# ASSIGNMENT
Look through the listing below for the line containing "手造华章|巨野工笔牡丹画,泥". Copy it and each line after it up to and including the line containing "соль ск Белокуриха", exactly, leaving out pictures.

# SUPPLIED RECORDS
▬▬▬▬▬▬
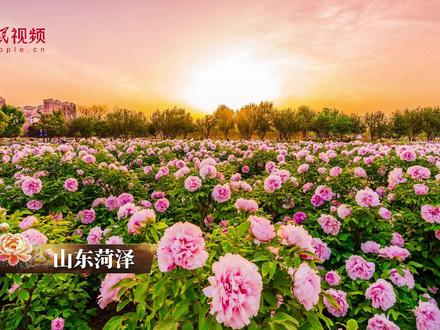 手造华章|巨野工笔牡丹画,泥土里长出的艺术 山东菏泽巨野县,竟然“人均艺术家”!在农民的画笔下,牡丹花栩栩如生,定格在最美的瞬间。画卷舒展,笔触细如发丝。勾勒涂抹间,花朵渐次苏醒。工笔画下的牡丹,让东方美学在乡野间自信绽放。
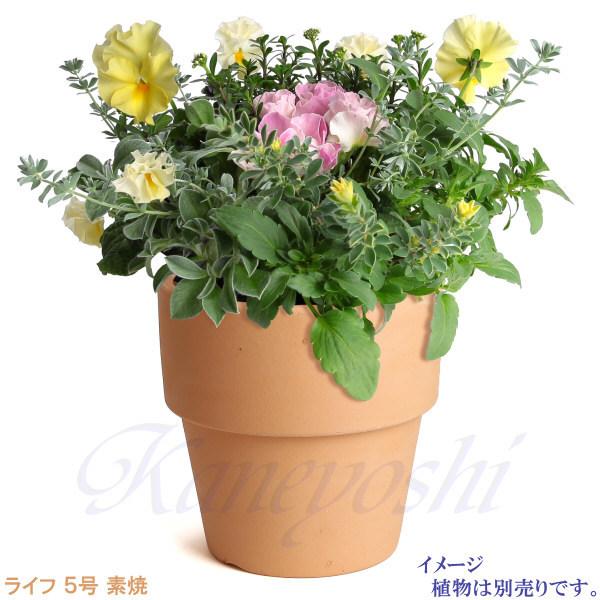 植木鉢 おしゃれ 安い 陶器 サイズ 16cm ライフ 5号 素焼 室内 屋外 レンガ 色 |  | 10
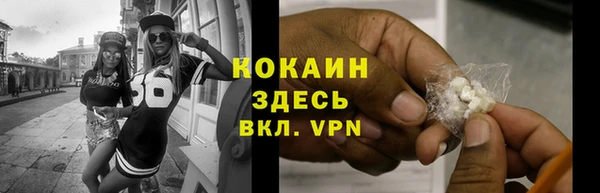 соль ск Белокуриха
▬▬▬▬▬▬
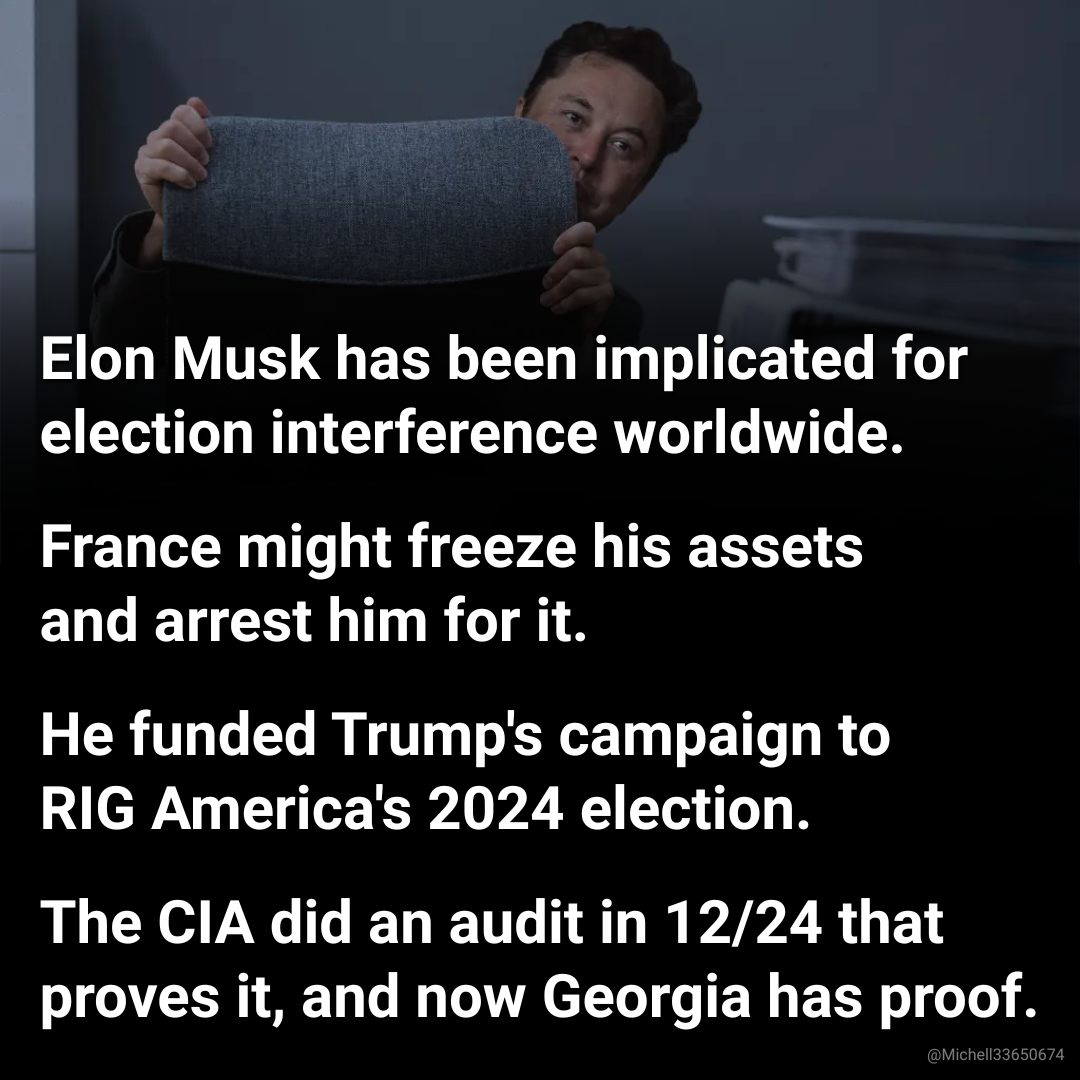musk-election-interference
▬▬▬▬▬▬
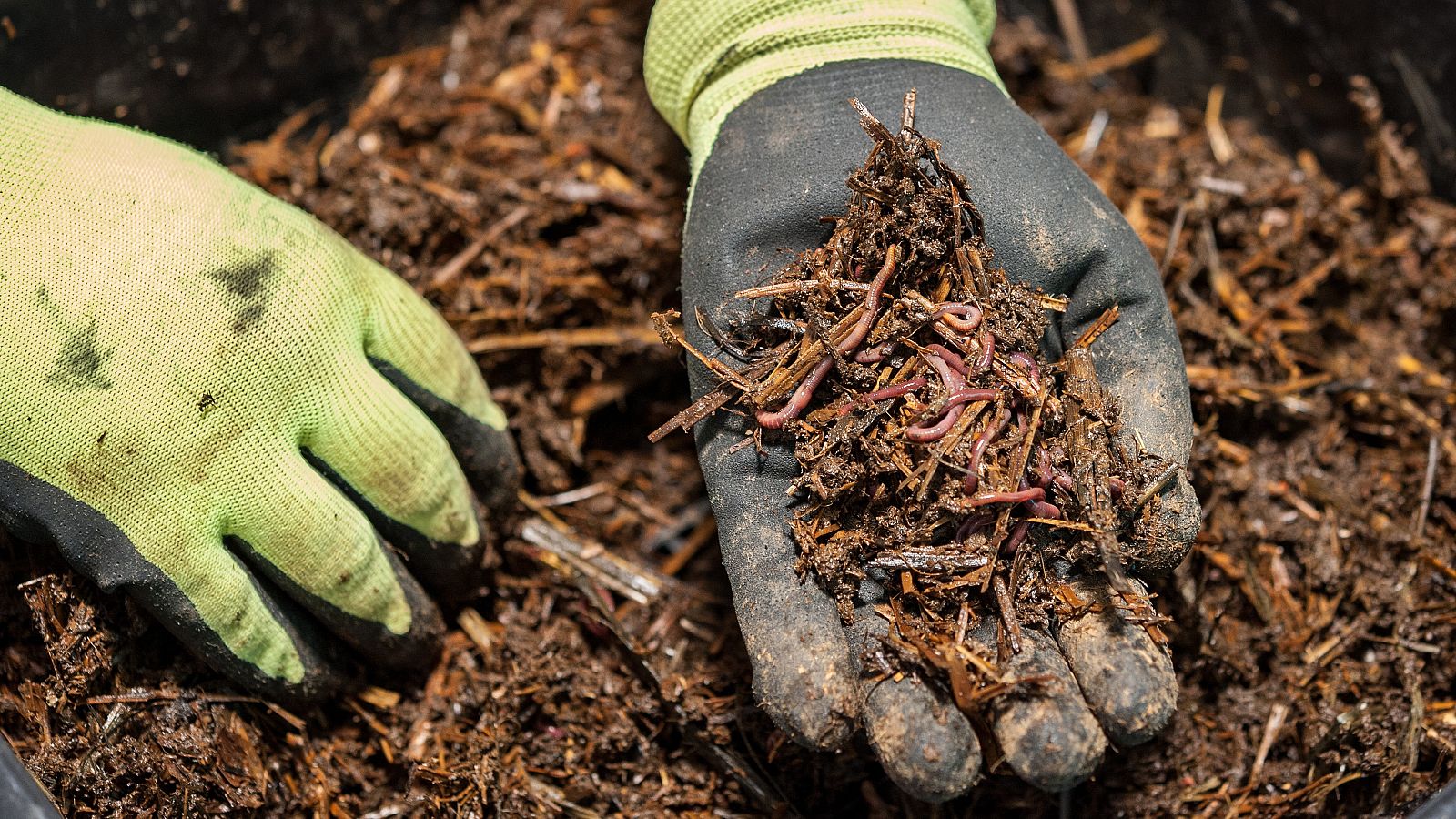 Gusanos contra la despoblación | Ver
▬▬▬▬▬▬
# RESPONSE
 手造华章|巨野工笔牡丹画,泥土里长出的艺术 山东菏泽巨野县,竟然“人均艺术家”!在农民的画笔下,牡丹花栩栩如生,定格在最美的瞬间。画卷舒展,笔触细如发丝。勾勒涂抹间,花朵渐次苏醒。工笔画下的牡丹,让东方美学在乡野间自信绽放。
 植木鉢 おしゃれ 安い 陶器 サイズ 16cm ライフ 5号 素焼 室内 屋外 レンガ 色 |  | 10
 соль ск Белокуриха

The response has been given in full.